Dimensionality Reduction with PCA
Squash many correlated features into a handful of new axes that keep most of the information. Learn how PCA finds directions of maximum variance and how to read the explained variance ratio.
Learn Dimensionality Reduction with PCA in our free AI & Machine Learning course — a beginner-friendly interactive lesson with worked examples, a practice…
Part of the free AI & Machine Learning course at LearnCodingFast — hands-on lessons with examples you run in your browser, plus practice exercises and a quick quiz.
To photograph a 3D sculpture as a single 2D photo, you choose the angle that shows the most detail — you'd never shoot it edge-on, where everything collapses into a thin line. PCA does the same with data: it finds the viewing angle (direction) along which the points spread out the most, then flattens onto it while losing as little as possible.
That best angle is the first principal component . The next-best angle, at right angles to it, is the second, and so on.
PCA rests on one idea: the directions where your data spreads out the most carry the most information. A direction where all the points sit on top of each other tells you nothing; a direction where they fan out tells you a lot. That spread is the variance .
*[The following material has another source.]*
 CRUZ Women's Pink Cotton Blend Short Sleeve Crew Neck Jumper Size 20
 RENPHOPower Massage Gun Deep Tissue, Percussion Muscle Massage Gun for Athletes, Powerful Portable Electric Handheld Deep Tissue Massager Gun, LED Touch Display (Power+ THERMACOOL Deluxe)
So PCA's job is to find new axes — principal components — ordered by how much variance each one captures. PC1 captures the most, PC2 the next-most (and is orthogonal to PC1), and so on. Each component is a linear combination (weighted blend) of your original features.
Let's make it concrete. We project the data onto candidate directions and measure the spread of the resulting 1D shadow. The direction with the most variance is closest to the true first component.
Each component captures a fraction of the data's total variance — its explained variance ratio . These fractions are sorted high to low and they add up to 1.0 across all components. To decide how many components to keep, add them from the top until you hit a target like 90% or 95%.
For example, if PC1 keeps 0.85 and PC2 keeps 0.10, then two components keep 0.85 + 0.10 = 0.95 — 95% of the variance with half the axes you might have started with.
Here's PCA with scikit-learn's PCA , after scaling. Study it (it isn't runnable in the in-browser sandbox). Notice fit_transform turns 4 features into 2 components, and explained_variance_ratio_ tells you how much each one kept.
The scaler comes before PCA in the pipeline — skipping it lets the largest-range feature hijack the first component.
Reach for PCA when you have many features, especially correlated ones . It speeds up training, reduces noise, fights the "curse of dimensionality", and lets you plot high-dimensional data in 2D or 3D.
Fill in the blanks so the helper projects the data onto a direction and returns the variance of the shadow. The expected output is in the comments.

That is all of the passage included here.